Thursday, February 25, 2010

User-Oriented Document Summarization through Vision-Based Eye-Tracking

Summary:
In this paper, the authors present their new algorithm for document summarization. Their prototype uses eye-tracking to determine which words in a document are focused on the longest by a reader. The algorithm then predicts how long users would focus on other words based on semantic similarity. Basically, their algorithm predicts what sentences the user is most likely to focus on, and then ranks them in decreasing order so as to present the "most important" information for that specific user first. What sets this apart from other summarization techniques is the fact that the documents are broken down into components (word by word) that are then combined to rank sentences and paragraphs.
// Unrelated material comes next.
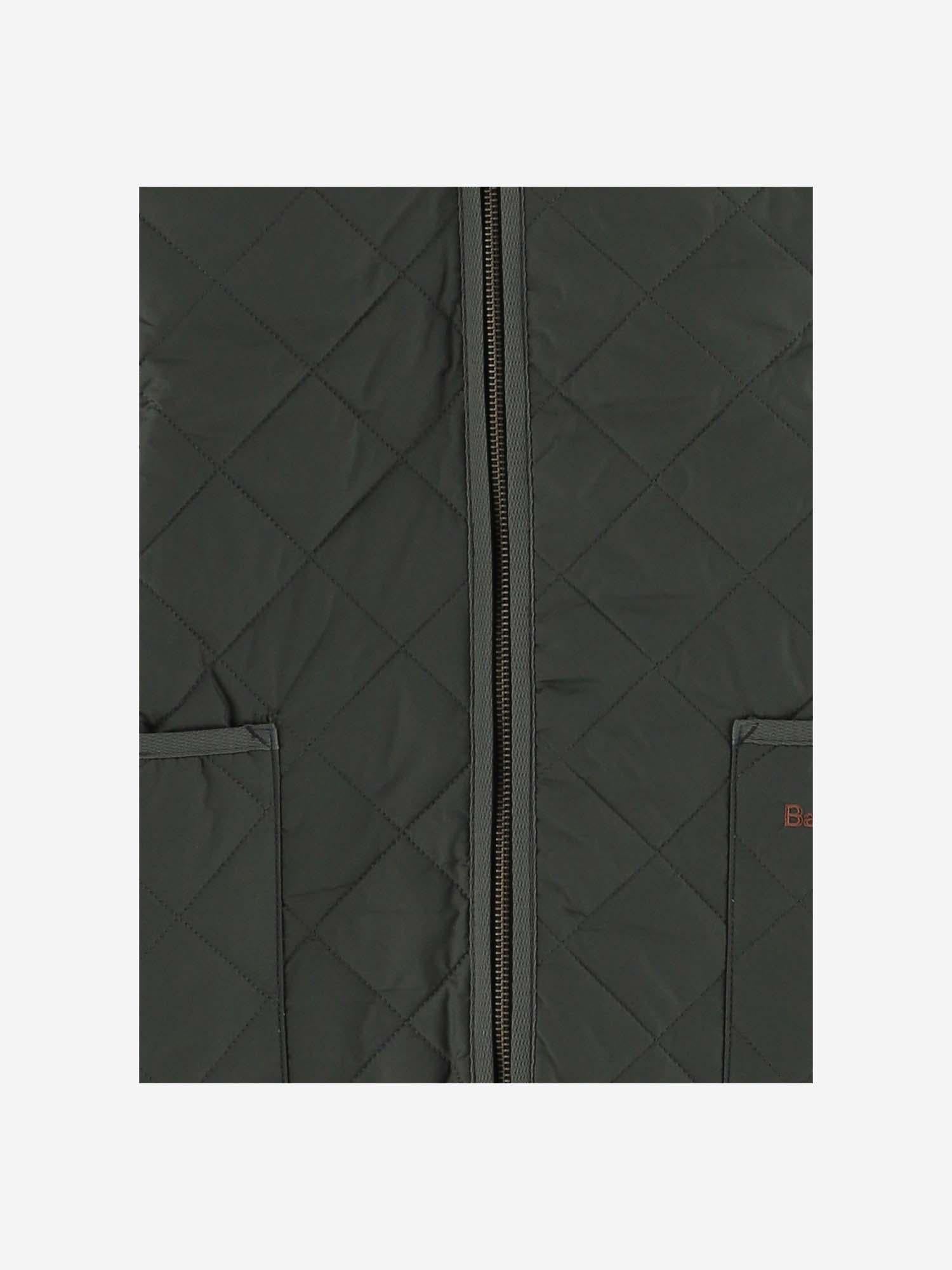 GILET TRAPUNTATO CON ZIP MLI0001 GN92 BARBOUR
Eye tracking sample. This person looks at weird things.


While testing their new algorithm, the authors continually beat MS Word AutoSummarize and MEAD (an open source summarization package) in both Precision and Recall. In the future, they hope to improve their algorithm so that documents a user has never read can be successfully summarized (currently, it only works if the user is going back over something previously read).


Discussion:
I didn't know that automatic summary technology even existed. It seems to me that the authors are moving in the right direction by having summarization be user-oriented instead of generic. Everyone reviews differently and focuses on different things; a software that can learn your style would be very valuable. Their future work hinted at creating a summarization tool for things that the user hasn't even read before. I could use that on my next blog!